*AIM OF THE EXERCISE:* The records below are to be reproduced exactly, with every picture left out.

START MATERIALS PROVIDED

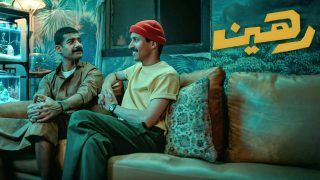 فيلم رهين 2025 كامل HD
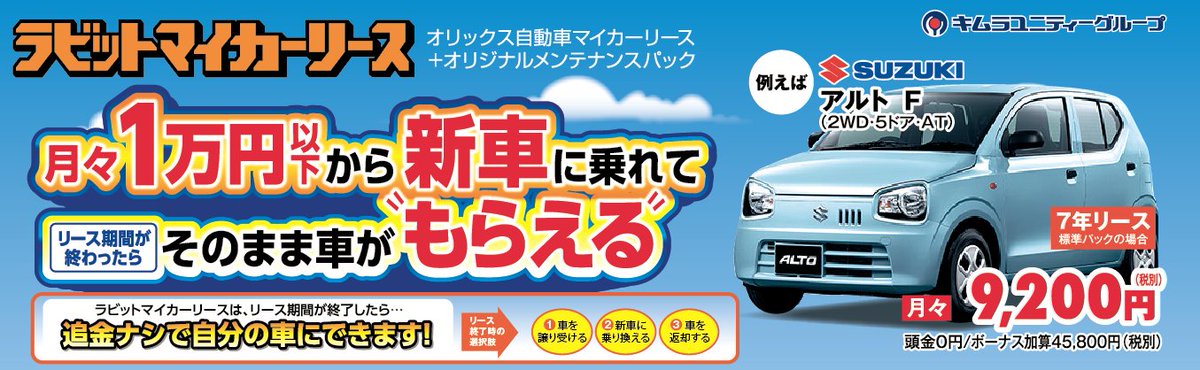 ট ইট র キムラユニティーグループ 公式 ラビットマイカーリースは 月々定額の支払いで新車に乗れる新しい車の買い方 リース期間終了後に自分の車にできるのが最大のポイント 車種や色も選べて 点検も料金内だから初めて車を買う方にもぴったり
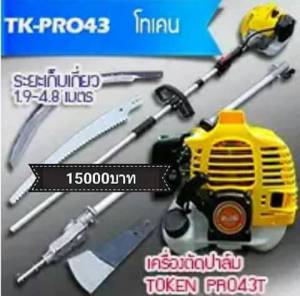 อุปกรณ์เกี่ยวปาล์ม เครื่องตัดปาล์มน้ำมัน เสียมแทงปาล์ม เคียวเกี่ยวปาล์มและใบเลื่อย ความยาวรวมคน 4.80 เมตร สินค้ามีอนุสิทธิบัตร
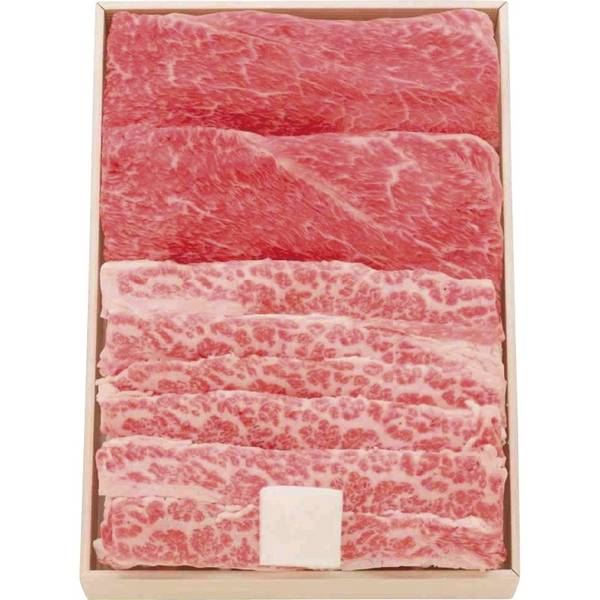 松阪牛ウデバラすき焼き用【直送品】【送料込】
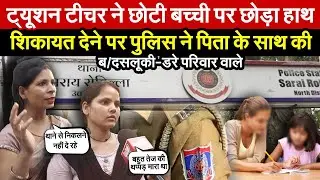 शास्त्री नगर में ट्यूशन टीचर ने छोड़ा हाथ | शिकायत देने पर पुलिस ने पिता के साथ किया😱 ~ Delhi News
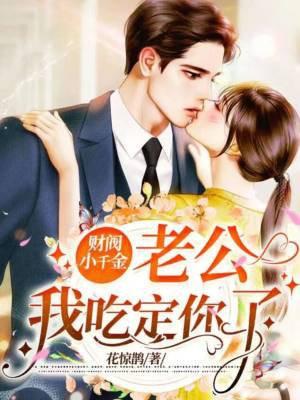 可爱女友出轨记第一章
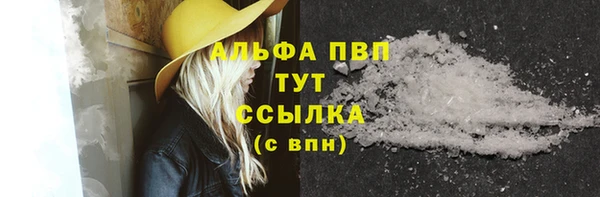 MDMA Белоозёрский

END MATERIALS PROVIDED

*TASK ANSWER:*
 فيلم رهين 2025 كامل HD
 ট ইট র キムラユニティーグループ 公式 ラビットマイカーリースは 月々定額の支払いで新車に乗れる新しい車の買い方 リース期間終了後に自分の車にできるのが最大のポイント 車種や色も選べて 点検も料金内だから初めて車を買う方にもぴったり
 อุปกรณ์เกี่ยวปาล์ม เครื่องตัดปาล์มน้ำมัน เสียมแทงปาล์ม เคียวเกี่ยวปาล์มและใบเลื่อย ความยาวรวมคน 4.80 เมตร สินค้ามีอนุสิทธิบัตร
 松阪牛ウデバラすき焼き用【直送品】【送料込】
 शास्त्री नगर में ट्यूशन टीचर ने छोड़ा हाथ | शिकायत देने पर पुलिस ने पिता के साथ किया😱 ~ Delhi News
 可爱女友出轨记第一章
 MDMA Белоозёрский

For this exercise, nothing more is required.